* Problem: Print, from the listing below, the lines starting at the line containing "A spacious living" and ending at the line containing "Beige jacket on a light gray background", exactly as they stand, and print nothing else.

* Dataset:
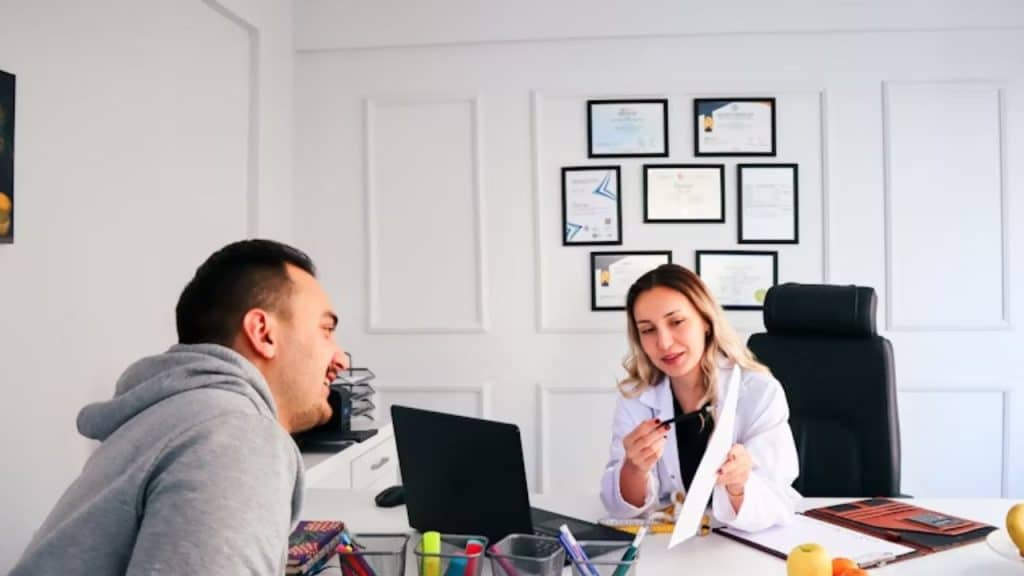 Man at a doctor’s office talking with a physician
* * *
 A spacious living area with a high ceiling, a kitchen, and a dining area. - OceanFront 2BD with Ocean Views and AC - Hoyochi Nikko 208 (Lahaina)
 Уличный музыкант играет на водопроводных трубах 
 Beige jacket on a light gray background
---
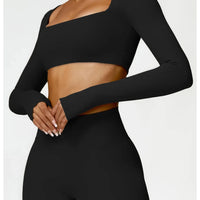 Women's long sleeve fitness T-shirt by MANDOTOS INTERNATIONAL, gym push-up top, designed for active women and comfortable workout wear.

* Reply to the exercise:
 A spacious living area with a high ceiling, a kitchen, and a dining area. - OceanFront 2BD with Ocean Views and AC - Hoyochi Nikko 208 (Lahaina)
 Уличный музыкант играет на водопроводных трубах 
 Beige jacket on a light gray background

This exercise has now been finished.